Unintentionally, the article is a good cautionary tale of how algorithmic knowledge can beat raw hardware power, if you know what you're doing.
Writing C code that performs this fast doubling algorithm for Fibonacci numbers was actually quite fun. Highly recommend it.
In my experience where I didn't modulo the numbers, the compute time was dominated by the last couple of multiplications with Megabyte-sized integers.
They also do not make use of the fact that matrix multiplication is associative, so M⁴ = M² × M², M⁸ = M⁴ × M⁴, etc. That means one can compute F32 using 5 matrix multiplications. This uses 31.
It wouldn’t surprise me at all if doing those 5 matrix multiplications on a CPU were faster than doing 31 on the GPU.
Also, FTA: “To calculate extremly large fibonacci numbers we need to avoid integer overflow.

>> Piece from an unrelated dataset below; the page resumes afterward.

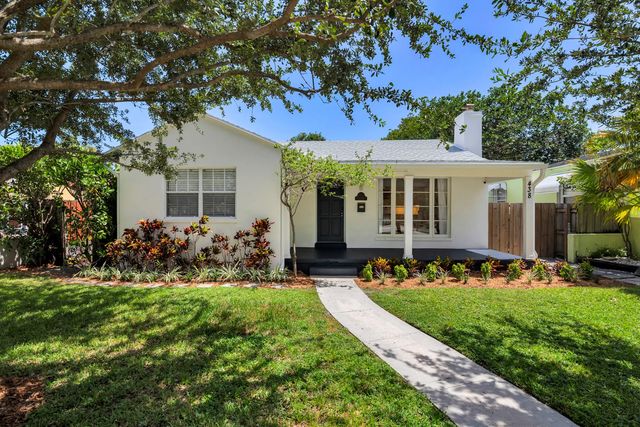 438 38th Street, West Palm Beach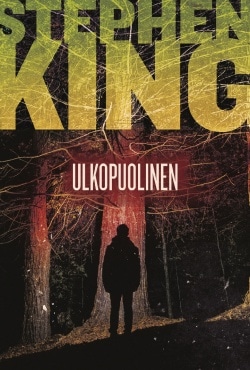 Ulkopuolinen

A simple way to avoid that is to just take everything modulo a given number in the matrix multiplication“
⇒ This also is NOT calculating the Fibonacci numbers, copping out when things get difficult on a GPU.
If you want to compute Fn mod some constant for 1 ≤ n ≤ some large constant fast on a GPU, I think I would compute quite a few of the intermediate matrices using the fast way, then spin up some ‘threads’ to compute the intermediate versions by copying those with the ‘standard’ matrix.